Imaginal exposure to the trauma entails having someone describe a traumatic experience at an increasing level of detail. A key factor in exposure is an understanding that confronting situations or memories of trauma triggers increases the urge to escape and avoid (which is a primary characteristic of PTSD in general). When this occurs, the therapist acknowledges the one’s feelings and reminds the person suffering with PTSD that avoidance reduces anxiety in the short-term, but will maintain fear and also prevent the learning that the feared situations or memories can eventually be perceived as less dangerous in the long-term.

A more general CBT approach might include the therapist helping the someone to explore schemas and self-talk, which mediate trauma-related fears, challenge negative biases, and generate appraisals that correct for the biases (cognitive restructuring), which helps build confidence.


A well known, effective, but still slightly controversial treatment for PTSD is known as EMDR. According to the theory behind the treatment, when a traumatic or distressing experience occurs, it may overwhelm usual cognitive and neurological coping mechanisms. The memory and associated stimuli of the event are inadequately processed, and are dysfunctionally stored in an isolated memory network.

The goal of EMDR therapy is to help process these distressing memories, reducing their lingering influence and allow someone to develop more adaptive coping mechanisms. EMDR integrates elements of many different therapies, including cognitive therapy, imaginal exposure, interpersonal, psychodynamic, and somatic therapies, to name a few. EMDR is distinguishable from these other therapies by its use of bilateral stimulation during each session (i.e., eye movements, tones, tapping, etc). Briefly, in EMDR a qualified therapist guides someone in vividly but safely recalling distressing past experiences (“desensitization”) and gaining new understanding (“reprocessing”) of the events, the sensations, feelings, thoughts and self-images associated with them. The “eye movement” aspect of EMDR involves the client moving his/her eyes in a back-and-forth (“saccadic”) manner while recalling the event(s).

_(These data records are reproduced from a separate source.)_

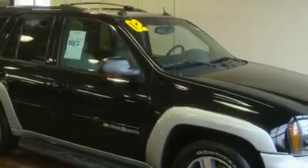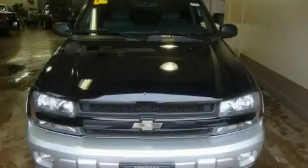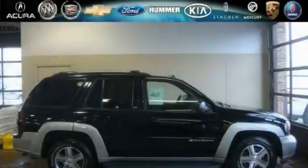This automobile has fewer than 115,000 miles on the odometer. It features a 4.2-liter six-cylinder engine, an automatic transmission, and four-wheel drive. Contact us today and schedule your opportunity to see this SUV in person.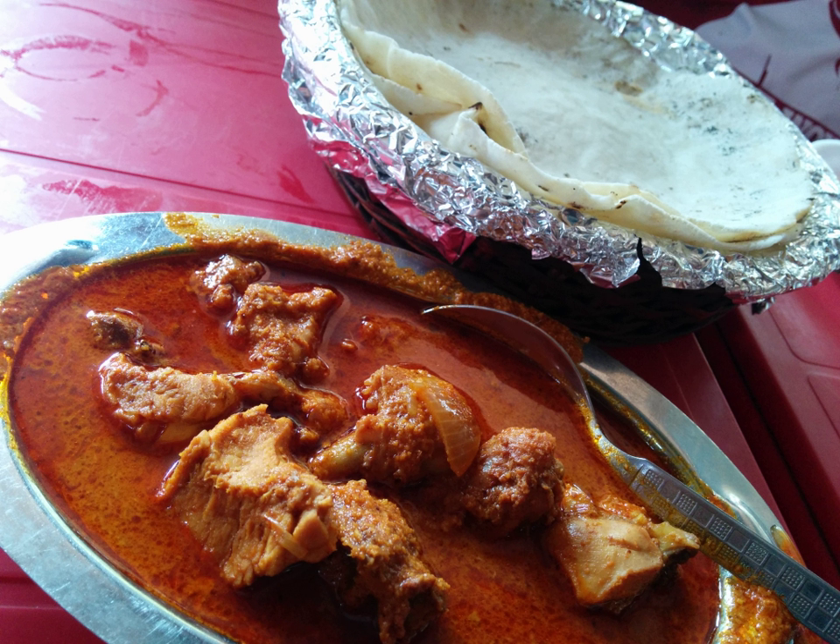Even within the country, there are variations among regions. In Northern India, the delicacy may be cooked with extra spice. Additionally, one can find the dish in several small shops as well as five-star restaurants. Depending on the style of preparation, some versions may be sweeter while others will have a creamier taste due to the ample use of butter and cashew nut paste.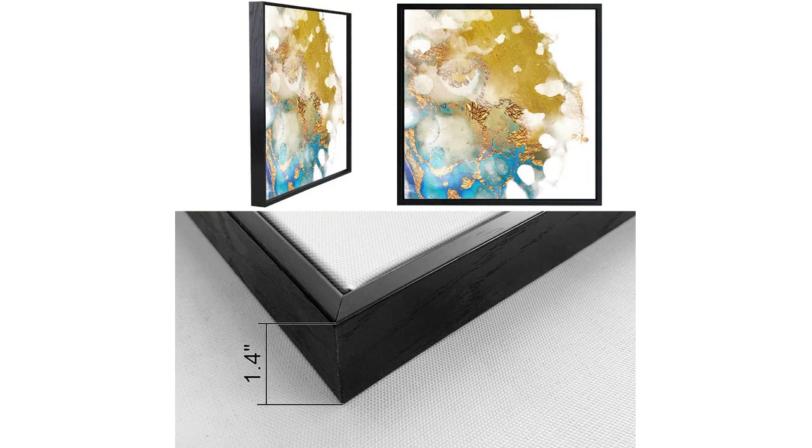The combination of turquoise and gold in this artwork is simply stunning. The teal watercolor effect adds a touch of tranquility and serenity to the room, creating a peaceful and calming atmosphere. I find myself getting lost in the abstract patterns and colors whenever I gaze at it. It truly is a work of art.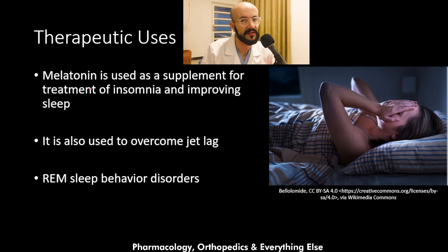Melatonin supplements are used for treatment of insomnia and improving sleep. They are also used for overcoming jet lag and for treatment of REM sleep behavior disorders.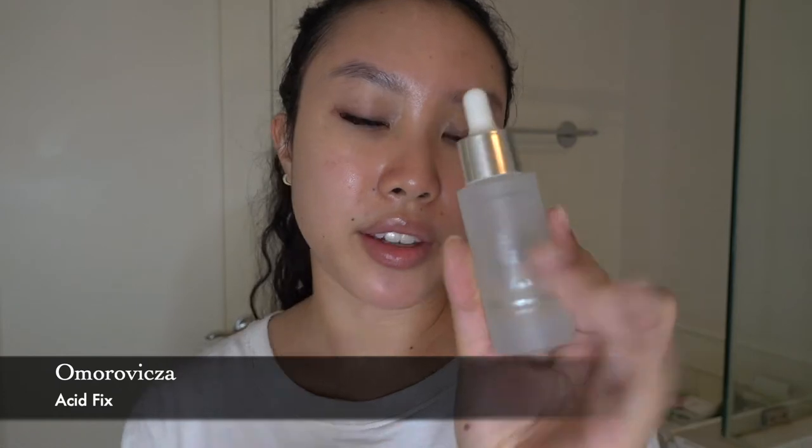Now I'm going in with an acid serum which contains AHAs and BHAs — this is the Amoravixa Acid Fix. I apply this just like a serum: two dots on the forehead, a dot on my nose, one on each cheek, and the pipette never touches the skin. Using my fingers I start from the top down. You will feel a tiny bit of a tingling sensation but that means it's working. On really sensitive skin days it can sting a lot more than normal. It absorbs right into the skin so I don't rub it around too much for fear of pilling, but so far it has never pilled on me.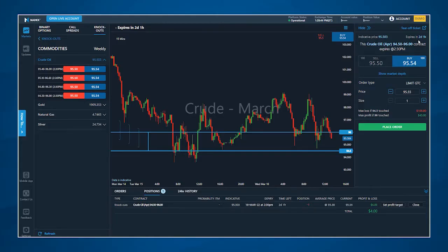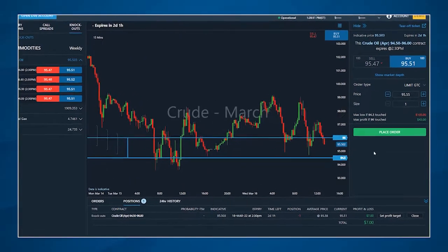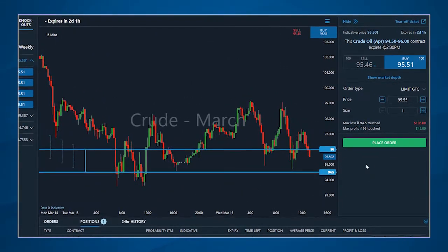When trading at Nadex — whether it's binary options, prediction markets, knockouts, or call spreads — the risk reward of the trade is always known upfront. As markets move and the time to expiration changes, your trade's risk reward profile will also change. You should constantly be asking yourself: would I initiate this position with the current risk reward profile, or might I want to exit this position early?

Psychopharmacologic Treatment

In general, one of the greatest challenges in the field of PTSD is that there has been relatively little study of medications. The Selective Serotonin Reuptake Inhibitors (SSRI’s) are, according to the research, most effective with the lowest side effect profile. Yet, only two, Zoloft (Sertraline), and Paxil (Paroxetine), have been FDA-approved for actually treating PTSD. New studies are exploring the possibility of Ketamine treatment. Ketamine works on the glutamate pathway in the brain, pathways involved in memory and mood regulation, which might explain some preliminary results of positive outcome. Research is ongoing, and Ketamine is a long way from being used in clinical practice specifically for PTSD. Consulting with a trained psychiatrist or psychopharmacologist is most prudent.

Again, no matter the treatment of choice, the goals of the therapist should be maintained throughout. These include emphasizing a sense of self-esteem and personal empowerment, helping someone make sense of confusing and disturbing experiences, working collaboratively with someone at his/her individual own pace, keeping a sense of hope alive when the one is unable to do so, and gently guiding the patient to increased self-awareness.

What is YOUR experience with these treatment techniques? As always, your comments are heeded with care.

To Thriving,

Jennifer Wolkin, Phd

PTSD and Traumatic Brain Injury (TBI)

PTSD and Traumatic Brain Injury (TBI)


As a neuropsychologist, I’ve had humbling interactions with those who have suffered trauma, in both mind AND brain.  That’s why I feel it is incumbent to create awareness regarding co-occurring PTSD and TBI.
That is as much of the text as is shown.